## Goal of the exercise
Your answer must hold only the lines below from the line containing "Here you can see" through the line containing "Euler is one", each reproduced exactly.

Records provided START

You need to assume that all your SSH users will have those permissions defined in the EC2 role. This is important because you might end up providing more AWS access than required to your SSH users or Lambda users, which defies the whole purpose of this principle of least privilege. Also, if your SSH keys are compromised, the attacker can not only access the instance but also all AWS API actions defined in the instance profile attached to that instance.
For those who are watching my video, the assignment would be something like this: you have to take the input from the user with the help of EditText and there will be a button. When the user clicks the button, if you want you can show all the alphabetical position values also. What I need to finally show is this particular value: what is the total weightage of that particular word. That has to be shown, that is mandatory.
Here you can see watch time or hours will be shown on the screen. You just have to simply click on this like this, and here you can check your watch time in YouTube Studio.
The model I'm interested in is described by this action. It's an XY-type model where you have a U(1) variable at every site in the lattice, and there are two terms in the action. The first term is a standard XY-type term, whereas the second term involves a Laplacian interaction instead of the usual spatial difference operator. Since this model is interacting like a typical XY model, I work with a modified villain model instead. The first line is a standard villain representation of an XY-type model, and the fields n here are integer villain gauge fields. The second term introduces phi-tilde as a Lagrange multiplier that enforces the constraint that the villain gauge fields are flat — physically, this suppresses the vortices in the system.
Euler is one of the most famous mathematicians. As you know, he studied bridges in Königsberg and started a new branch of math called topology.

Records provided END
Records provided START

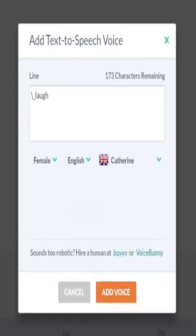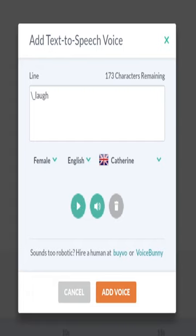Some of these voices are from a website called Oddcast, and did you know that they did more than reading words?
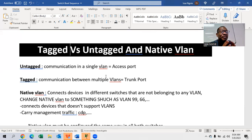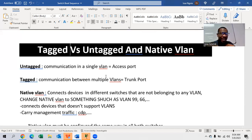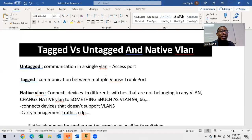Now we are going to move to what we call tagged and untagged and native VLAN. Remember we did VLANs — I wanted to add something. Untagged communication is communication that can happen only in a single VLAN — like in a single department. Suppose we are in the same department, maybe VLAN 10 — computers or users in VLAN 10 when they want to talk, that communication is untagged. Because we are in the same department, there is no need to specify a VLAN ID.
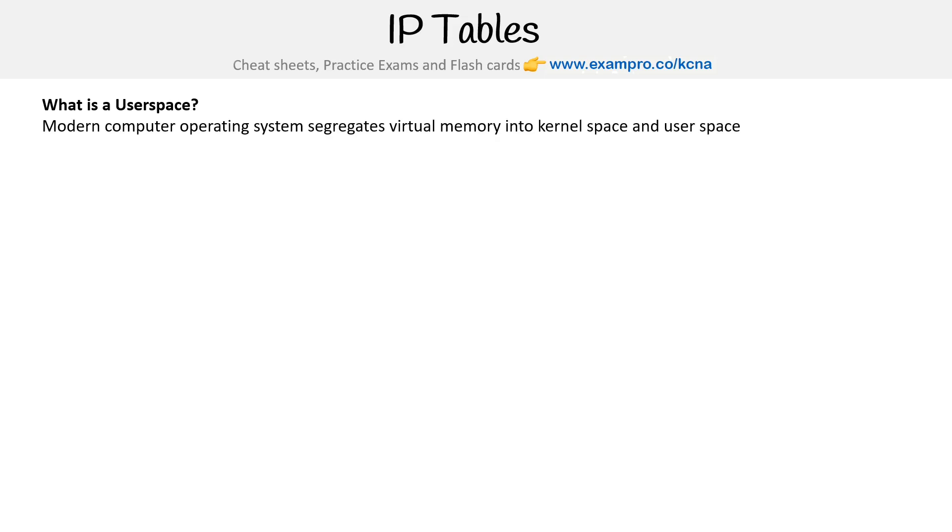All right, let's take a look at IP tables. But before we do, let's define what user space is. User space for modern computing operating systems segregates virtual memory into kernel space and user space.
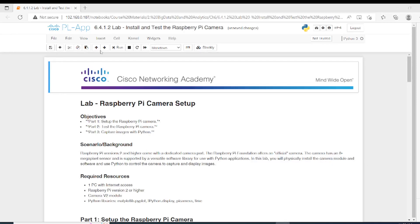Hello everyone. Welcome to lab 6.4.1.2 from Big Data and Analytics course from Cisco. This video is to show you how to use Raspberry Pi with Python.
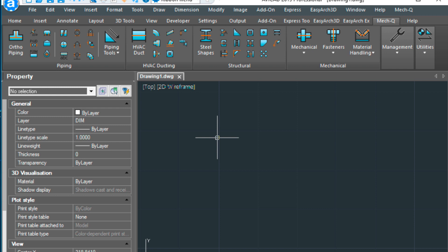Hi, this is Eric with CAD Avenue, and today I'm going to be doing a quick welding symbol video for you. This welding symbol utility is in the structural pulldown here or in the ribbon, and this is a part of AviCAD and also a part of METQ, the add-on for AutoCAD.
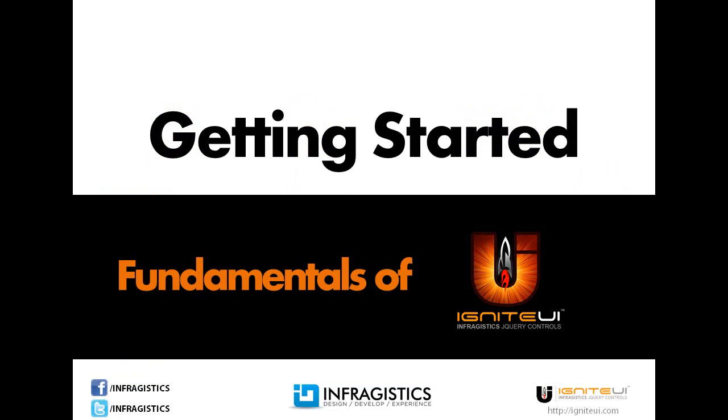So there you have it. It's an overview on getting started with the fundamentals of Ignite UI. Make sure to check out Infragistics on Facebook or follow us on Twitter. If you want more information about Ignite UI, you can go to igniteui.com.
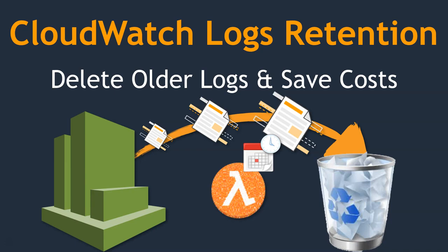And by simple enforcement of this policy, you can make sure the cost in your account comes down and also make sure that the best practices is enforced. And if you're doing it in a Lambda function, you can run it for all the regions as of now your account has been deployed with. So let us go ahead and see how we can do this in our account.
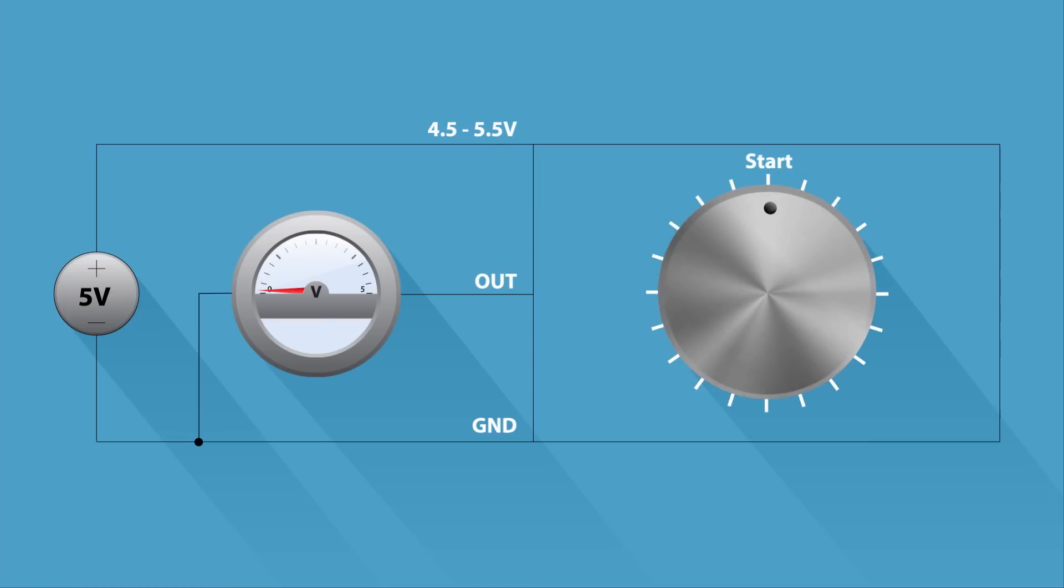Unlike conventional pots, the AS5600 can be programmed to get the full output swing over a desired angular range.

Records provided END

## Written solution
Here you can see watch time or hours will be shown on the screen. You just have to simply click on this like this, and here you can check your watch time in YouTube Studio.
The model I'm interested in is described by this action. It's an XY-type model where you have a U(1) variable at every site in the lattice, and there are two terms in the action. The first term is a standard XY-type term, whereas the second term involves a Laplacian interaction instead of the usual spatial difference operator. Since this model is interacting like a typical XY model, I work with a modified villain model instead. The first line is a standard villain representation of an XY-type model, and the fields n here are integer villain gauge fields. The second term introduces phi-tilde as a Lagrange multiplier that enforces the constraint that the villain gauge fields are flat — physically, this suppresses the vortices in the system.
Euler is one of the most famous mathematicians. As you know, he studied bridges in Königsberg and started a new branch of math called topology.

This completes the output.